(Brief descriptive captions)
======

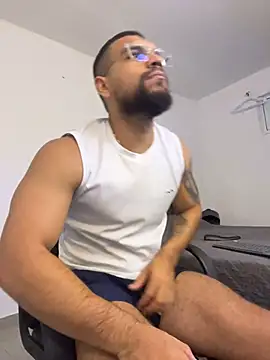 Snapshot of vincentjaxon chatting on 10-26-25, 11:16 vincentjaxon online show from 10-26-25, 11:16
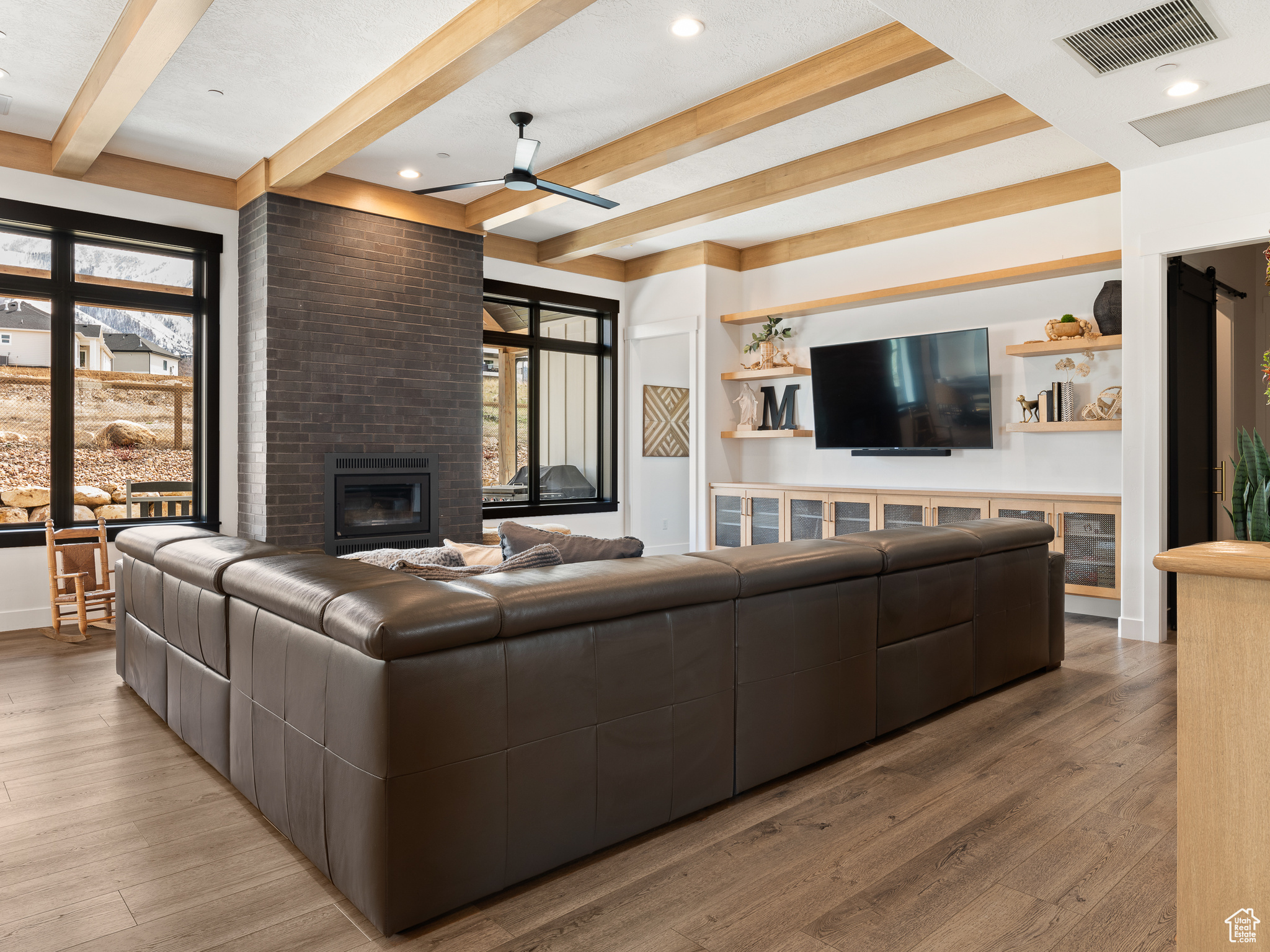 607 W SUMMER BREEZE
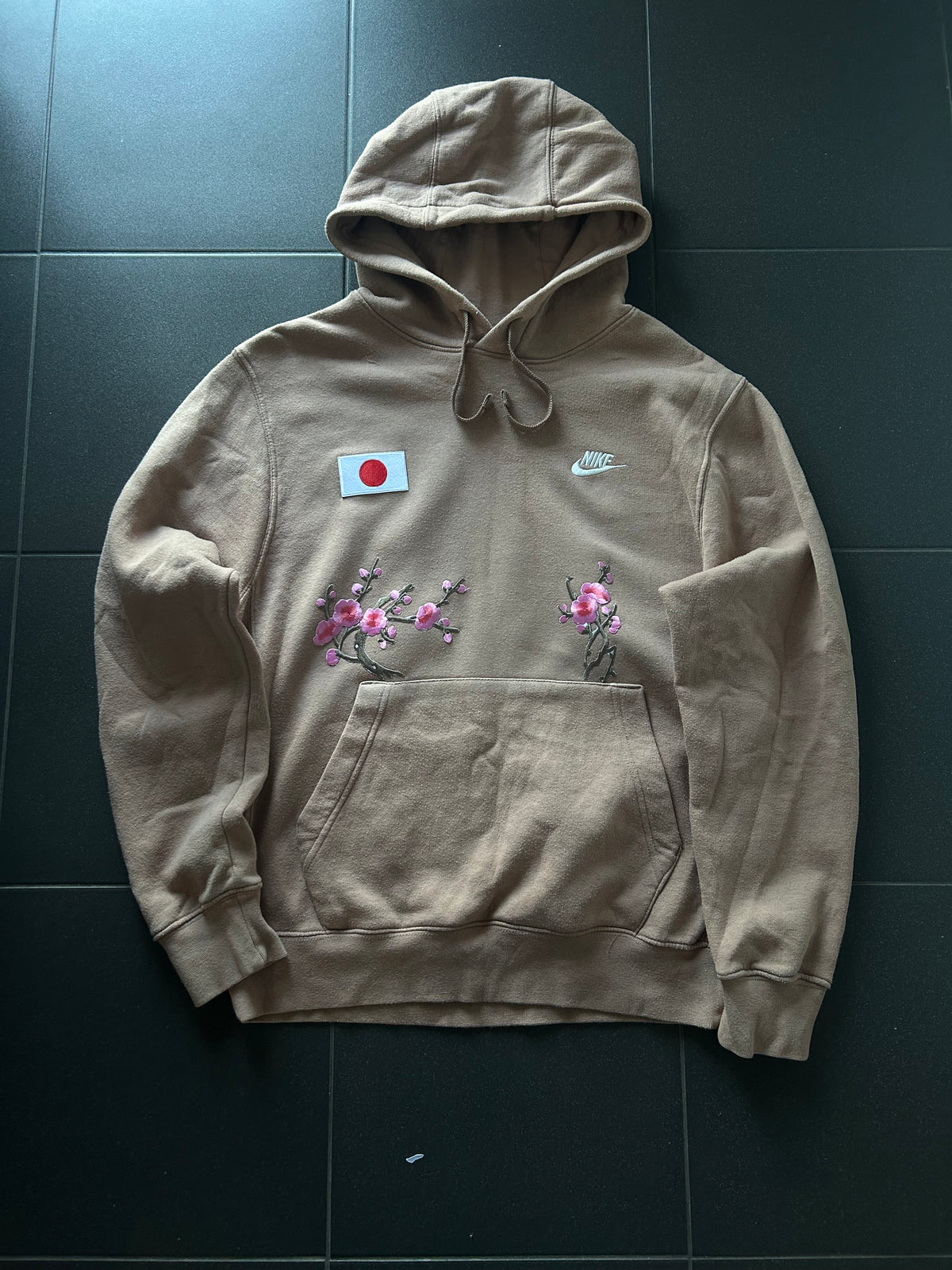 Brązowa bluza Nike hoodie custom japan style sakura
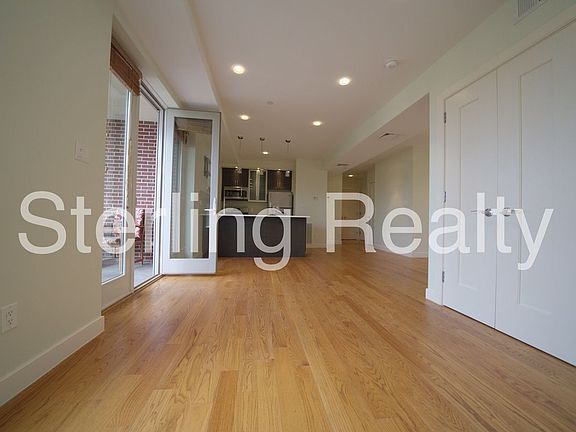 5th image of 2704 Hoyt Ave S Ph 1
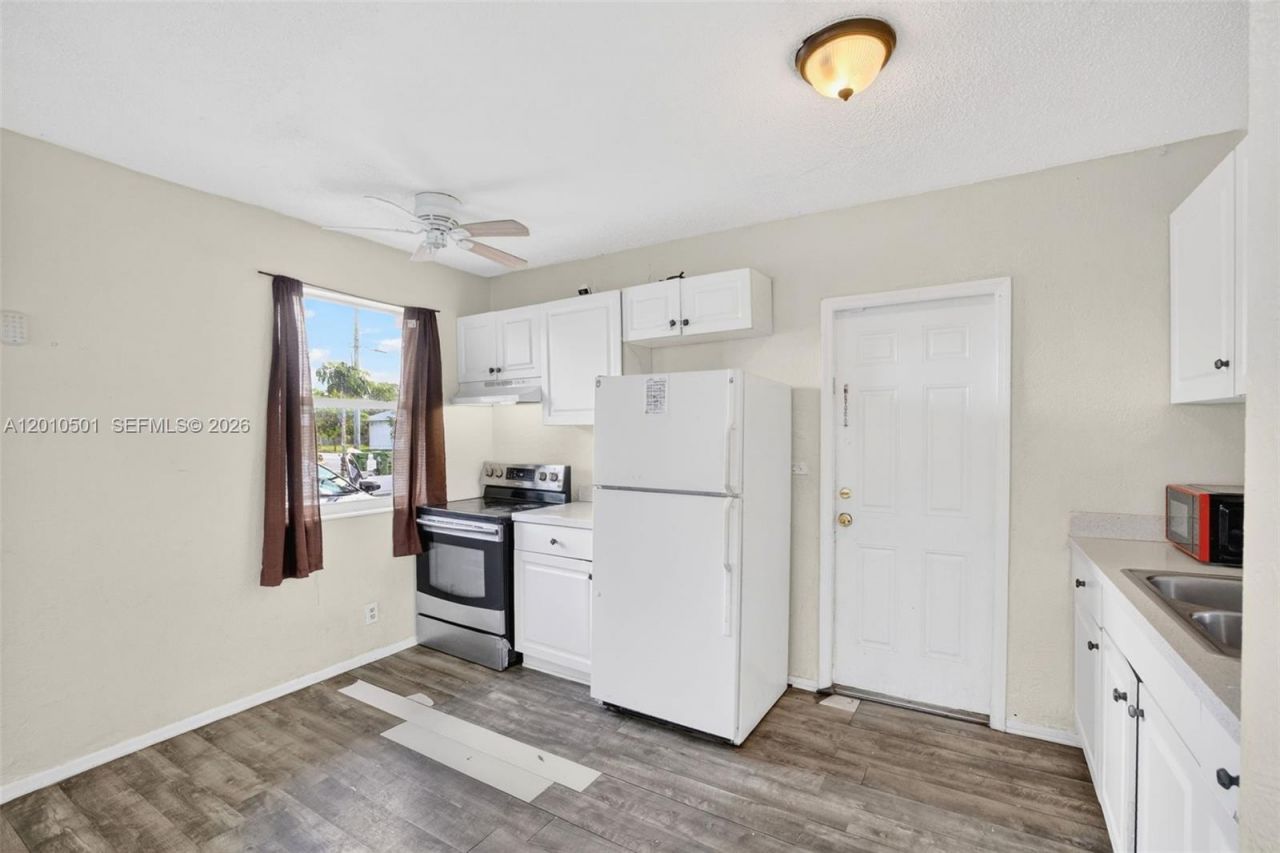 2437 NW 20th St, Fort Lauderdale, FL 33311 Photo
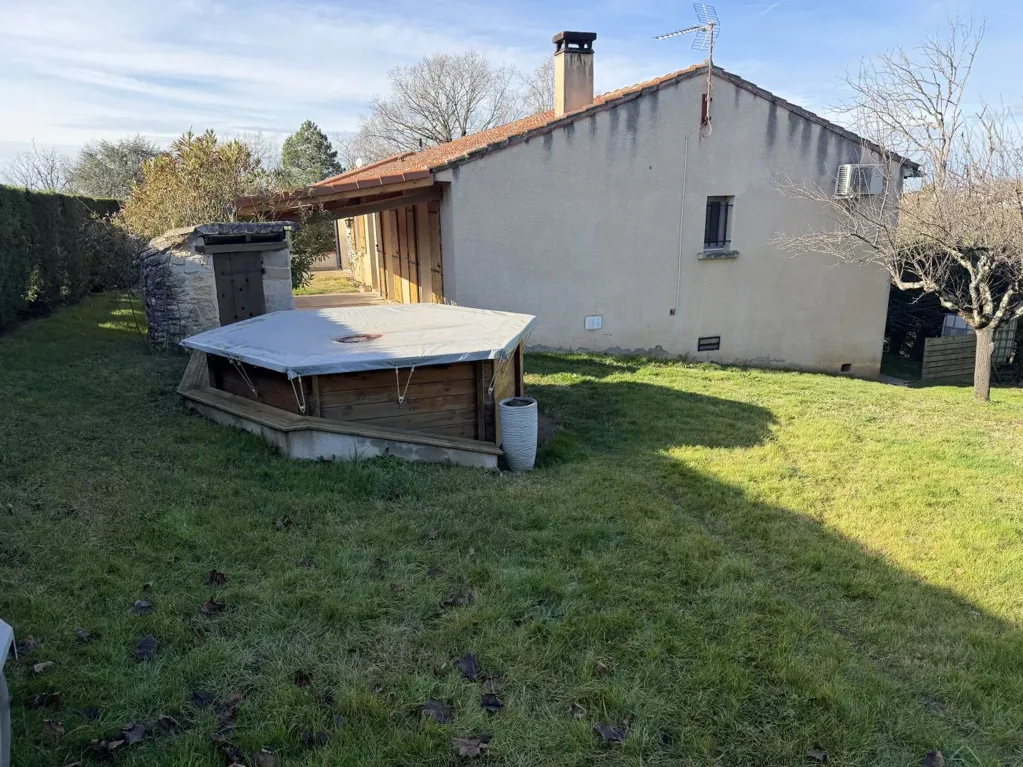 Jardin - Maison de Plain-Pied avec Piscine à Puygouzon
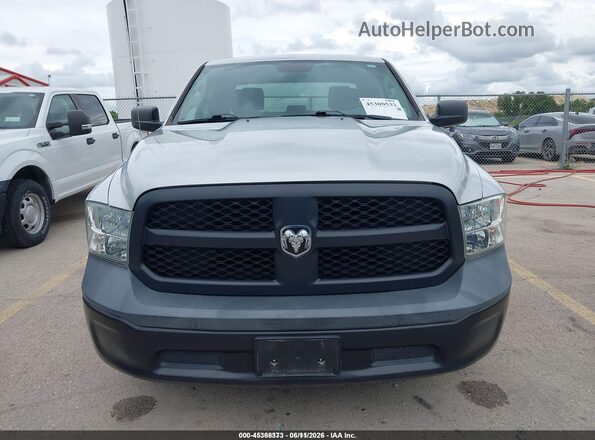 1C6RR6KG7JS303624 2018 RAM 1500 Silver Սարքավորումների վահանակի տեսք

======

HOW TO COMPLETE THIS TASK:
Give again, word for word, the lines above from the one with "5th image of 2704 Hoyt Ave S Ph 1" through the final line of the data, both ends included. Do not copy any picture.

TASK OUTPUT:
 5th image of 2704 Hoyt Ave S Ph 1
 2437 NW 20th St, Fort Lauderdale, FL 33311 Photo
 Jardin - Maison de Plain-Pied avec Piscine à Puygouzon
 1C6RR6KG7JS303624 2018 RAM 1500 Silver Սարքավորումների վահանակի տեսք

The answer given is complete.